Pienaar encouraged by Dolly

Both Pienaar and Dolly are from the township of Westbury in Johannesburg which often attracts negative headlines. 

Yet they have both provided inspiring tales of rising from there to play in Europe, with Dolly currently at French club HSC Montpellier while Pienaar spent 16 years on the same continent.

“We talk via phone, via twitter as well and I send him messages at times encouraging him to keep going,” says Pienaar.

“I am happy for him and he has told me that he wants to take the same path that I took. He is going in the right direction and might even go beyond me. He needs the support behind him to make it. I have a strong mom who was always supportive of me and Keagan has a strong father supporting him. I don’t think his father will accept it for him to be coming back after two years and that is good. When I speak to him [Dolly] it is more as friends. We don’t talk as in ‘I am Steven and you are young’.

“We talk as normal in such a way that when he has something to tell me we talk. We are boys from the same neighbourhood and when I give my advice it is up to him to listen, though so far he has taken all the advice and I am happy,” he reveals.

The veteran midfielder adds that the reason why South African players don’t last the distance in Europe is down to being spoilt and wanting to enjoy the comforts of being ‘the man’ at home.

“My colleagues that side [Europe] always asked me about why South Africans like going home. I always told them that we are spoilt and want to enjoy the good life in South Africa. We have a beautiful country and if you get a good earning in South Africa you can live a comfortable life, though it is not going to last forever. So that is the problem with our players, they are too spoilt so much that they don’t want to go out and go through that pain and suffering. When you finish training you want to hang around your friends and be ‘the man’. So I think that is the main problem and also you need the support behind that will tell you that ‘hey, you are doing a wrong thing’.

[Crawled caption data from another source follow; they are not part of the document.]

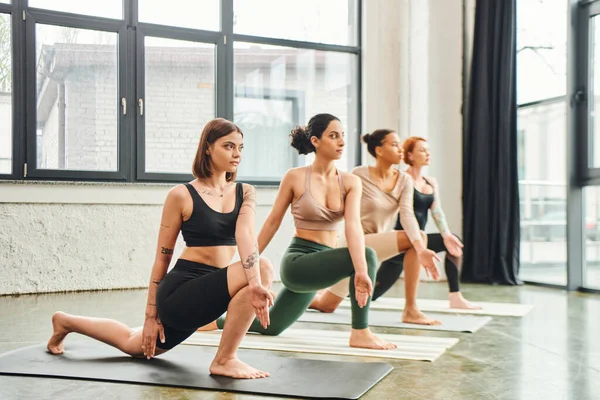 Longueur complète de copines multiculturelles dans les vêtements de sport pratiquant le yoga en fente sur la pose du genou et regardant vers l'avenir dans la salle de gym, harmonie et concept de santé mentale — Photo de stock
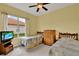 Comfortable guest bedroom with twin beds and natural light offers a cozy retreat at 313 Sorrento Rd, Poinciana, FL 34759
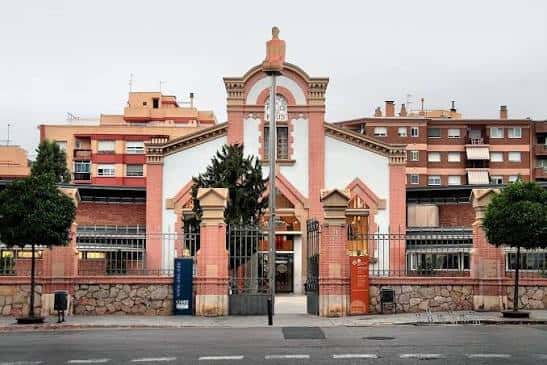 Exterior de la biblioteca desde la calle, mostrando su fachada simétrica y entorno urbano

“The guys from Ghana used to tell me that when I go back to my village, life is hard and I have to walk two miles to get water. That is why they are so hungry to succeed. With us we stay in the township and you can get water for free and that is the small example of the mind-set that I am talking about. When I went [to Europe] the first time I was with boys from Ghana and they said to me there is no chance I am going back home because I don’t want to go and live in the village and I said to myself ‘whoa, I thought I had it tough’. I told myself I will have to switch my mind-set and be like them and just push myself. Then with my mom behind me it became easier,” explains Pienaar.